Work to complete:
Further down are entries; set down exactly and only the lines from the one with "60 Yards Roll" up to and including the one with "art So High", dropping each picture.

:: Data ::

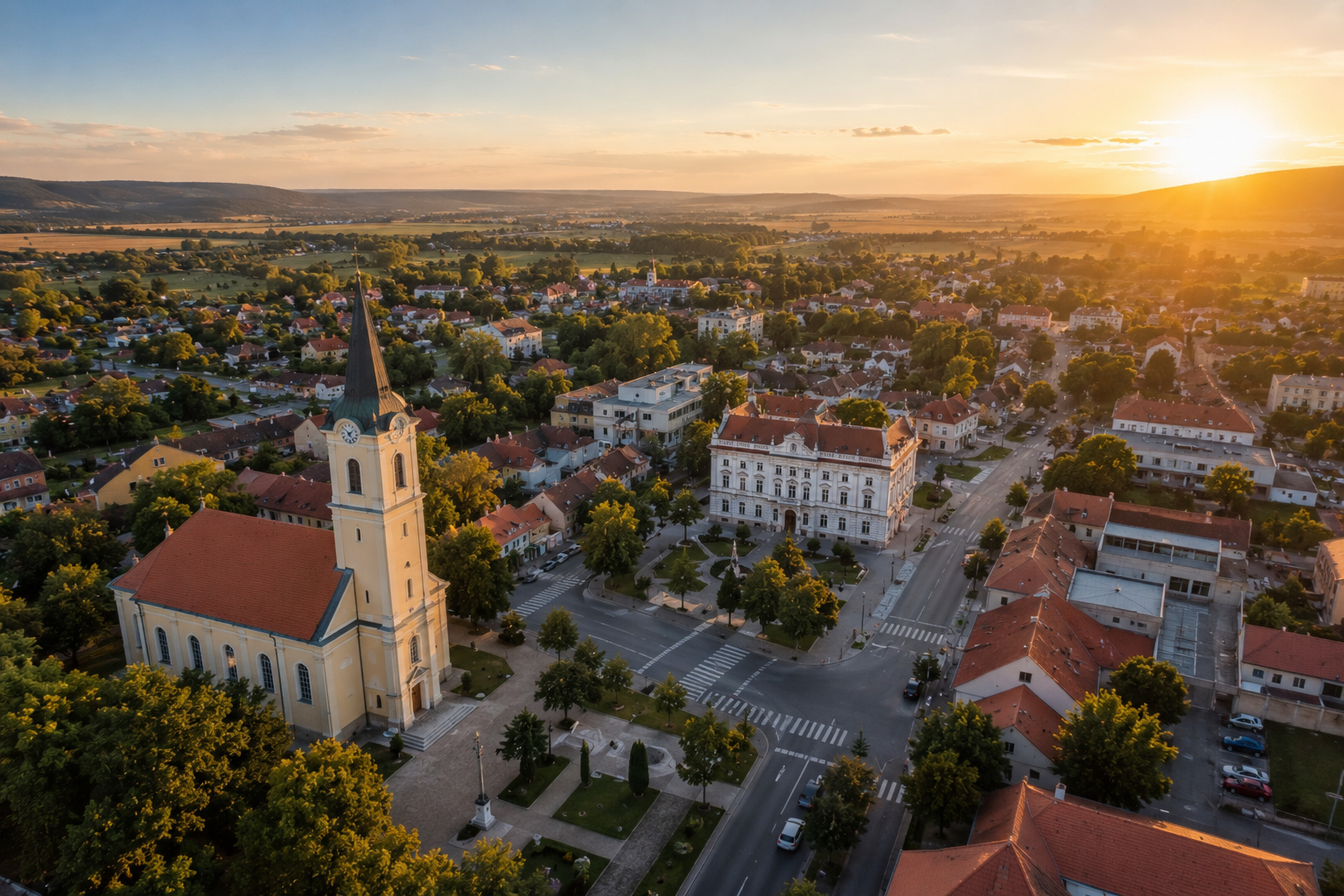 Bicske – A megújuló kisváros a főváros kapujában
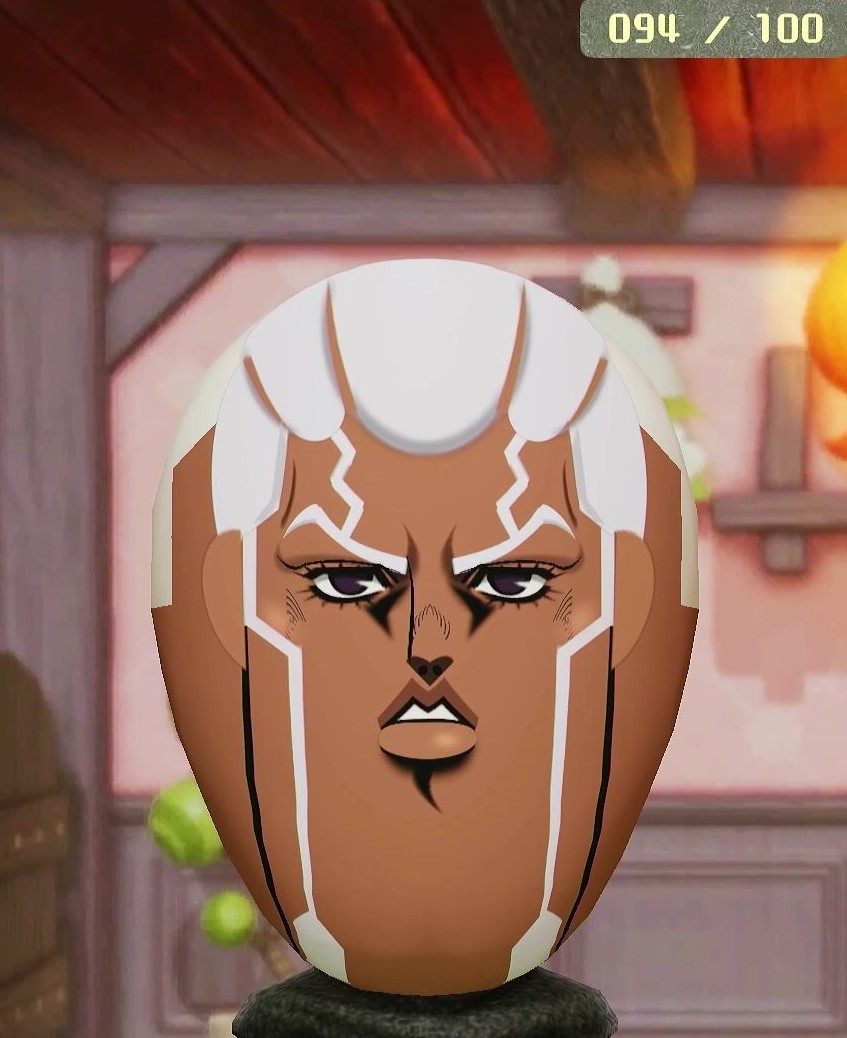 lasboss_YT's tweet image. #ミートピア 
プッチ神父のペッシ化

:::
:: Data ::

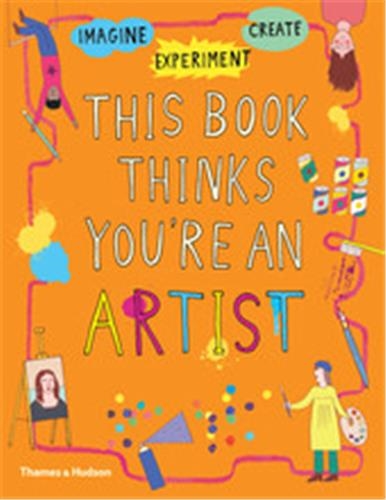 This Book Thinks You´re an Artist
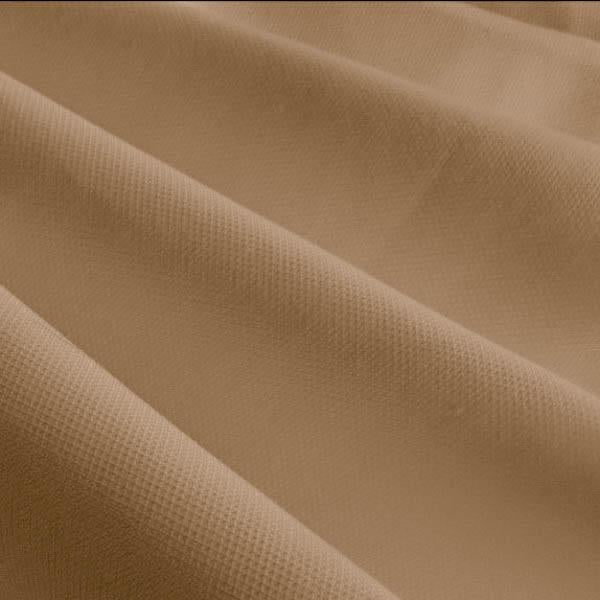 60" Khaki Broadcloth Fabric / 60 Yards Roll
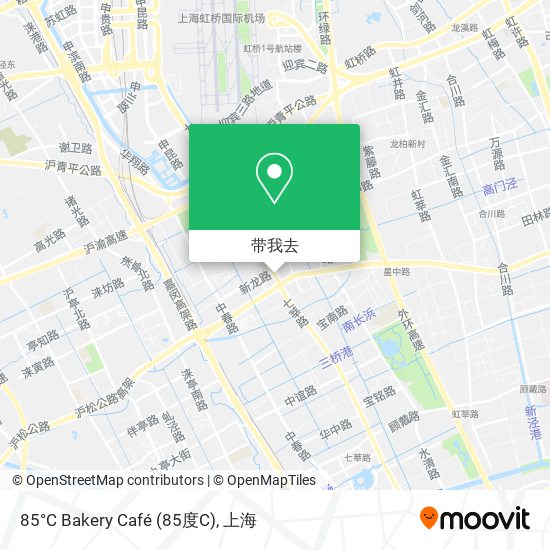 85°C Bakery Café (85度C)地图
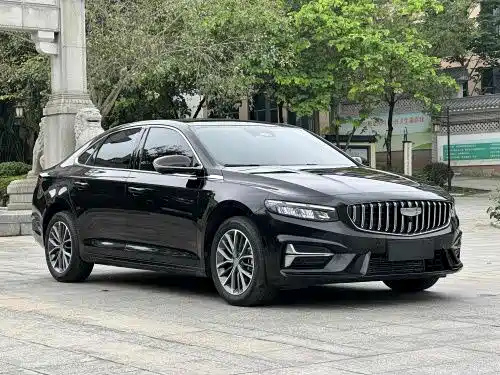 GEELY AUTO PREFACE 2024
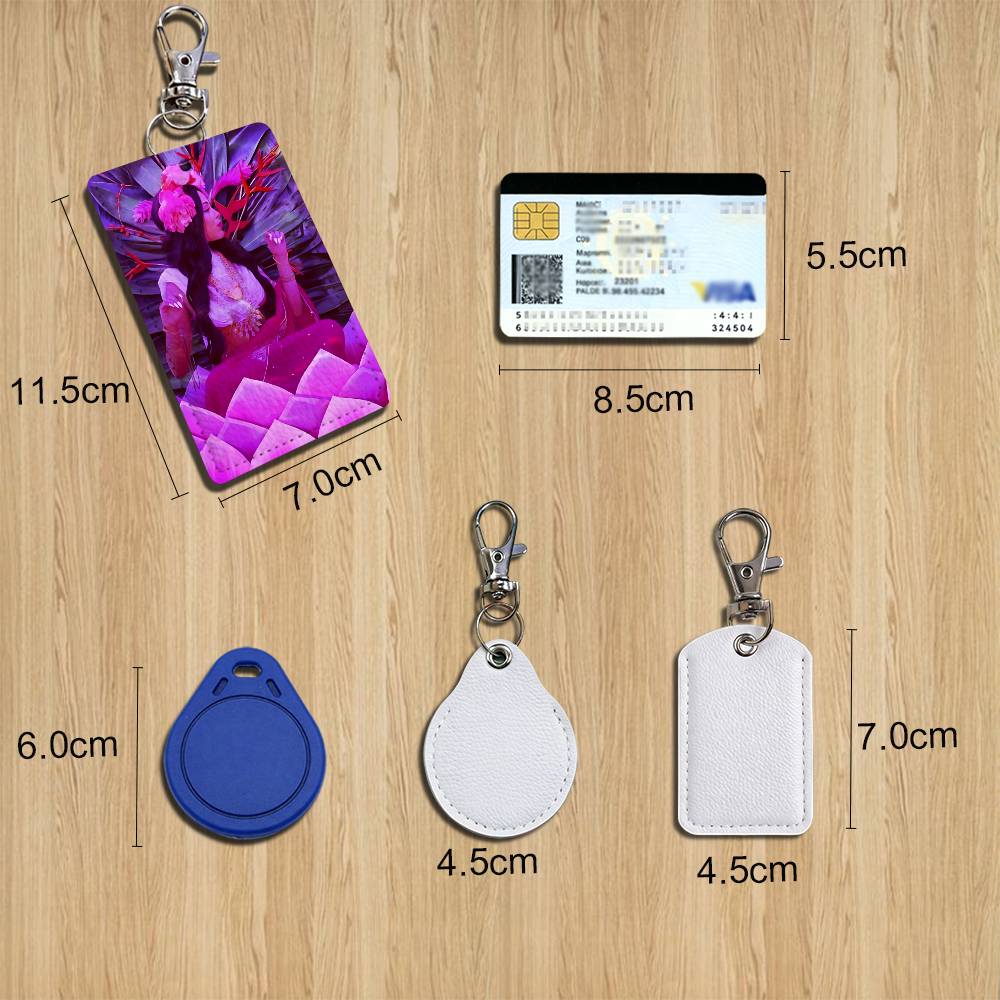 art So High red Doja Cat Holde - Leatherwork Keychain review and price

:::

Solution below:
 60" Khaki Broadcloth Fabric / 60 Yards Roll
 85°C Bakery Café (85度C)地图
 GEELY AUTO PREFACE 2024
 art So High red Doja Cat Holde - Leatherwork Keychain review and price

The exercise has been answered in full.